Plaintiff brought this suit to recover said amount from defendant under a policy which it had issued insuring plaintiff's automobile against loss for damage done to it solely by accidental collision with another object.

In the district court, defendant filed an exception of no cause of action, which was sustained, and plaintiff's suit was dismissed at his cost. On appeal by plaintiff, this judgment was reversed by the Court of Appeal for the Second Circuit, and the case was remanded to the district court for further proceedings. Defendant then applied for a writ of certiorari or review, which application was granted, and the case is now before us.

The respondent, William E. Brown, filed a motion in this court to recall the writ of review, on the ground that the application therefor had been made and granted as a matter of right, upon the allegation that the decision of the Court of Appeal is in conflict with the jurisprudence of the Supreme Court, which allegation he contends is incorrect, since the question presented has not heretofore been before this court.

Respondent's motion cannot be allowed. A reference to the application of relator shows that it was based upon the declaration that the judgment of the Court of Appeal is contrary to the stipulations of the policy, as well as being contrary to the law and the jurisprudence of this state; and the case was ordered up under the general authority conferred upon this court by the Constitution, art. 7, § 11.

So far as we have been able to ascertain, the question presented has not been heretofore before this court. It has been, however, the subject of adjudications by other courts of last resort.
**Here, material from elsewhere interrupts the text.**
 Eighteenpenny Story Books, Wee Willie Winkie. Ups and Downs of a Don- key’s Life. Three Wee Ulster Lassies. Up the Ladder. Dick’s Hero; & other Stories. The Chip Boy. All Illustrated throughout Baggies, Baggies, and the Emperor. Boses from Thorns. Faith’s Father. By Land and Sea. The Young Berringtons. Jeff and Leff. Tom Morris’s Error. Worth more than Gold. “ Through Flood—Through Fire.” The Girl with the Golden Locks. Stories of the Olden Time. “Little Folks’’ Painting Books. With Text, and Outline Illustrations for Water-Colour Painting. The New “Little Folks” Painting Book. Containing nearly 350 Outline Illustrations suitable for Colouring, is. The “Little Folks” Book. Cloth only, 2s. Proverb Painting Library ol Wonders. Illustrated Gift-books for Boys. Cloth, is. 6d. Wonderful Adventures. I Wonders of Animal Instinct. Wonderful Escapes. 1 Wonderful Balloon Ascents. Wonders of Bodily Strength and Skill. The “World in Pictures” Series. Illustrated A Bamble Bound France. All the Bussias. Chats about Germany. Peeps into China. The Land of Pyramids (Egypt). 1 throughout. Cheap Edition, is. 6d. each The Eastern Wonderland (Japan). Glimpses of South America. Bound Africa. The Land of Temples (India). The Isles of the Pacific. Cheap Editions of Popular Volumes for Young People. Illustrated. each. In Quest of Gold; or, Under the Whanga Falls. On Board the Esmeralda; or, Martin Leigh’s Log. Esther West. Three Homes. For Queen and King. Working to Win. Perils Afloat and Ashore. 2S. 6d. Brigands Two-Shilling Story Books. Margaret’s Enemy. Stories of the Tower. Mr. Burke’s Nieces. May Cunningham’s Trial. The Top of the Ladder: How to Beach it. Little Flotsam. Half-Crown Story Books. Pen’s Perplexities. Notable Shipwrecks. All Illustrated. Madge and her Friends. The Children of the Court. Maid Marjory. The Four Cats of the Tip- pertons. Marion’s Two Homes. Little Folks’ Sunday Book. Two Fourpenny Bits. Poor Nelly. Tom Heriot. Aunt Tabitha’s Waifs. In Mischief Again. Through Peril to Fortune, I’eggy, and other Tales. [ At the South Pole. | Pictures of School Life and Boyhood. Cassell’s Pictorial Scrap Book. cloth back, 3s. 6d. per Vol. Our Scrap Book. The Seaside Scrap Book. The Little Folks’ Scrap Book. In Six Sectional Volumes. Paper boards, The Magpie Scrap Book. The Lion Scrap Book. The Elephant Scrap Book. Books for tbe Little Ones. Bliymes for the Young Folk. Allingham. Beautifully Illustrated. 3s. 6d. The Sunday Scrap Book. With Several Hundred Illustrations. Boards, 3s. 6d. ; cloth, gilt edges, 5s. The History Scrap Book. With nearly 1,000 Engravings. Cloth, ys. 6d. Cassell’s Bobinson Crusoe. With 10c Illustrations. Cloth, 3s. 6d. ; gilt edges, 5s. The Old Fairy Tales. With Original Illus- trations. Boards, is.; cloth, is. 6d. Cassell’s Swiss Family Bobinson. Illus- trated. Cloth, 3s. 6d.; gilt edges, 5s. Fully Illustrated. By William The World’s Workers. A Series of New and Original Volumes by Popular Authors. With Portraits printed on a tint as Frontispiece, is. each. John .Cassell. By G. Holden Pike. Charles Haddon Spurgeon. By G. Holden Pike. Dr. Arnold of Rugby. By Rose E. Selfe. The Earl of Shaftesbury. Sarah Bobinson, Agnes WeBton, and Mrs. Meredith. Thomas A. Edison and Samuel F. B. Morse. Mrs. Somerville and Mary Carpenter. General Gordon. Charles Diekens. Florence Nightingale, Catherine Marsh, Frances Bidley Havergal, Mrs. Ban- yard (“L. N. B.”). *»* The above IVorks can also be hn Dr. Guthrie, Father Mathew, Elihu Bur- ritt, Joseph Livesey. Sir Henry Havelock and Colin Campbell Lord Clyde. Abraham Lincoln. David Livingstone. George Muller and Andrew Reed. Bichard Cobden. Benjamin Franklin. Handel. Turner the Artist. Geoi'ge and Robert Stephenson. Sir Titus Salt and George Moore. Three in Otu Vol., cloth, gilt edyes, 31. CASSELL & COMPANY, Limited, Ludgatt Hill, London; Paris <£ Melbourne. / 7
In the opinions of the Court of Appeal, one on the original hearing and the other on the rehearing, some of these cases, and many other cases involving questions of similar import, have been referred to and commented upon.

In the original opinion of the Court of Appeal, the cases of Moblad v. Western Indemnity Co., 53 Cal.App. 683, 200 P. 750, and Bell v. American Insurance Co., 173 Wis. 533, 181 N.W. 733, 14 A. L. R. 179, were cited as deciding the question in the negative, and the cases of Great American Mutual Indemnity Co. v. Jones, 111 Ohio St. 84, 144 N.E. 596, 35 A. L. R. 1023, and Fireman's Insurance Co. v. Savery (Ind. App.) 88 Ind.App. 296, 143 N.E. 612, were referred to as answering the question in the affirmative.

The author of the opinion also cited the following cases as being similar to the instant one, and as holding that the insured was protected, viz.: Freiberger v. Globe Indemnity Co., 205 A.D. 116, 199 N.Y.S. 310; Young v. New Jersey Ins. Co. (D. C.) 284 F. 492; Interstate Casualty Co. v. Stewart, 208 Ala. 377, 94 So. 345, 26 A. L. R. 428; Universal Service Co. v. American Ins. Co., 213 Mich. 523, 181 N.W. 1007, 14 A. L. R. 183; Rouse v. St. Paul, etc., Co., 203 Mo.App. 603, 219 S.W. 688; Lepman v. Employers, etc., Corp., 170 Ill.App. 379; Harris v. American Casualty Co., 83 N. J. Law, 641, 85 A. 194, 44 L. R. A. (N. S.) 70, Ann. Cas. 1914B, 846; Hardenburgh v. Employers Casualty Co., 78 Misc. 105, 138 N.Y.S. 662.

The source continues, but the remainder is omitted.